> What the task requires
Your answer must consist of one number: how many lines in the records contain "Black".

> Exercise data
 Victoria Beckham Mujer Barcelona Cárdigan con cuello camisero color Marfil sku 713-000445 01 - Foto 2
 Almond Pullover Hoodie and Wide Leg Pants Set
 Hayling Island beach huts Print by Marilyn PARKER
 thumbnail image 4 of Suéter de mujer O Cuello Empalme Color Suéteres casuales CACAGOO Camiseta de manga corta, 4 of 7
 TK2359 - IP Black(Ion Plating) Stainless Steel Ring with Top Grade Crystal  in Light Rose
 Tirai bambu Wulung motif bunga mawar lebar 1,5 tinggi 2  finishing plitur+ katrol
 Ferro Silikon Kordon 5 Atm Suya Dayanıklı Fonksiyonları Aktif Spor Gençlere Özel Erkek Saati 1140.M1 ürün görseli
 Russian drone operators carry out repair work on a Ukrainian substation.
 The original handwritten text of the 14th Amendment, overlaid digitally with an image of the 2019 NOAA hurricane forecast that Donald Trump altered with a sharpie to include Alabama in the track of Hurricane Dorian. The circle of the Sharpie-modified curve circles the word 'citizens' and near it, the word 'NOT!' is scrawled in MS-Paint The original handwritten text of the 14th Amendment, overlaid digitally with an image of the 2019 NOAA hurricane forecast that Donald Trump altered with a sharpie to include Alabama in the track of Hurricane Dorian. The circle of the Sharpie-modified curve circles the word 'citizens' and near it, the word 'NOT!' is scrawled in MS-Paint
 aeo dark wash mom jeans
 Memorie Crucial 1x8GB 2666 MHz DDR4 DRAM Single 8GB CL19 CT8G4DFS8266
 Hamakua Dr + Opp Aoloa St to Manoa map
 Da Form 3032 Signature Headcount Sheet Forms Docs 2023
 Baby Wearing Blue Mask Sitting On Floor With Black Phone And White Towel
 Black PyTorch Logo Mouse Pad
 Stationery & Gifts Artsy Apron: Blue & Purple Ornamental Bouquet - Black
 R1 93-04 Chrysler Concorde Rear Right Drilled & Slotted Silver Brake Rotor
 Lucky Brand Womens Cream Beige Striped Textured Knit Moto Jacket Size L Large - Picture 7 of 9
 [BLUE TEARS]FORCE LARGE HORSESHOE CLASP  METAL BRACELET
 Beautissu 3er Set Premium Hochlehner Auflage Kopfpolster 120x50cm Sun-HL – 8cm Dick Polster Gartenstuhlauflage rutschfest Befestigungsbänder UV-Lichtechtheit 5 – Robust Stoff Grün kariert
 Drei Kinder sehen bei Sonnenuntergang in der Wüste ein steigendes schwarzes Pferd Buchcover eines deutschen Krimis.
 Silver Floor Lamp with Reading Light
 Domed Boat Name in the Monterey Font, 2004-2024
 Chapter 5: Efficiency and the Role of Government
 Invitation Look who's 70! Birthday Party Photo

> Response box
4